4. The method for generating the image processing model according to claim 1, characterized in that, The network architecture of the edge localization and geometric correction module is constructed using an LSD++ network or a Canny operator network.

5. The method for generating an image processing model according to claim 1, characterized in that, In the steps of training the image enhancement and noise reduction module and the edge localization and geometric correction module, the target loss function includes pixel-level reconstruction loss and geometric-level position error loss.

6. The method for generating an image processing model according to claim 5, characterized in that, The network architecture of the image enhancement and noise reduction module adopts the ReNIn++ network, and the network architecture of the edge localization and geometric correction module adopts the LSD++ network. Therefore, the target loss function includes the loss function of the ReNIn++ network and the loss function of the LSD++ network. The ReNIn++ network includes the MSE loss function and the SSIM loss function. The loss function of the LSD++ network is the rotation compensation matrix of the LSD++ network.

7. A preprocessing method for CD-SEM images, characterized in that, include: The CD-SEM image to be processed is input into the image processing model to obtain the preprocessed CD-SEM image output by the image processing model; wherein the image processing model is obtained by the image processing model generation method as described in any one of claims 1-6.

8. The preprocessing method for CD-SEM images according to claim 7, characterized in that, The step of inputting the CD-SEM image to be processed into the image processing model and obtaining the preprocessed CD-SEM image output by the image processing model includes: An image enhancement and noise reduction module is applied to the CD-SEM image to be processed to obtain an enhanced image containing an optimized gradient field; The enhanced image is input to the edge localization and geometric correction module, which performs edge detection and geometric correction on the enhanced image based on the optimized gradient field of the enhanced image to obtain a preprocessed CD-SEM image.

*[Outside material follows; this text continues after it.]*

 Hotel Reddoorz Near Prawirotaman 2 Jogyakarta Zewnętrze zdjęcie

9. The preprocessing method for CD-SEM images according to claim 8, characterized in that, The image enhancement and noise reduction module is constructed using a ReNIn++ network or SCUNet network architecture; the edge localization and geometric correction module is constructed using an LSD++ network or Canny operator network architecture.

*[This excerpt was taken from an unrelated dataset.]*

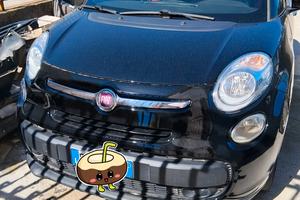 fiat 500 L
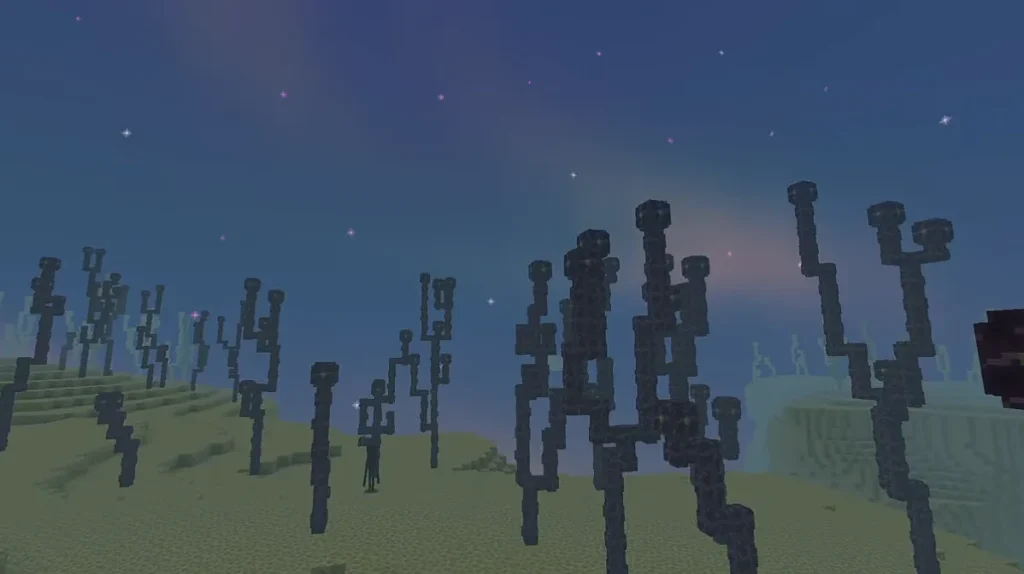 NEWB X Ambient Shader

10. A computer storage medium, characterized in that, The computer-readable storage medium stores a program for generating an image processing model and a program for preprocessing a CD-SEM image. When the program for generating the image processing model and the program for preprocessing the CD-SEM image are executed by a processor, they implement the steps of generating the image processing model as described in any one of claims 1-6 and the steps of preprocessing the CD-SEM image as described in any one of claims 7-9.